Qualiti Improves Time-to-Triage by Up to 70%
Founded in 2021, Qualiti is the first company to provide end-to-end application testing enabled by artificial intelligence (AI). The core challenge Qualiti solves for its customers is delivering as much testing coverage across an application as possible. As Principal DevOps Engineer, Derrick Walton explains, “You can have a fleet of QA engineers and take hours and hours to validate everything from top to bottom. We’re looking to plug in and assist those QA departments.”
Challenge: Poor Search Experience Slows Remediation
Qualiti’s core application runs natively on Amazon Web Services (AWS) and is built using Kubernetes and AWS Lambda. When the application was first released, all of the company’s log data was ingested directly into Amazon CloudWatch, which presented a usability problem. Walton explains, “It was painful for an engineer to look through and find useful information quickly.”
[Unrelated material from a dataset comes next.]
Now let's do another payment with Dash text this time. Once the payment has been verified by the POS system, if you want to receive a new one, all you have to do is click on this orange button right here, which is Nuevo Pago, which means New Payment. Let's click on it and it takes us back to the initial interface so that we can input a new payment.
More specifically, Amazon CloudWatch uses a concept called “log streams,” which creates a sequence of log events that share the same source. When a log stream surpasses a volume threshold, Amazon CloudWatch will automatically create a new stream. Dividing logs up in this manner meant that an engineer had to sift through multiple data streams when they needed to locate specific logs. “When ingesting Kubernetes logs, we could see multiple streams per minute.” Walton continues, “Or we’d see application logs split across multiple streams, so we’d have to look through each one.”
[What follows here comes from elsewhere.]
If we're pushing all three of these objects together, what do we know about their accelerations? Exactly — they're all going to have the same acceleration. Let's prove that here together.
This process resulted in two challenges. First, it took the Qualiti team longer to triage and ultimately resolve issues. Second, developers often required help from operations to pinpoint log data. “I wanted to ease the burden on our development team of locating the logs they needed,” explains Walton. “I didn’t want to have to jump in and continuously locate those logs for them.”
Solution: Edge Delta Streamlines Qualiti’s Search Experience
To overcome these challenges, Walton and his team began evaluating new observability tools to support logging. Soon into the process, the team started piloting Edge Delta. “The simplicity of install and performance were enough for us to give it a go,” notes Walton.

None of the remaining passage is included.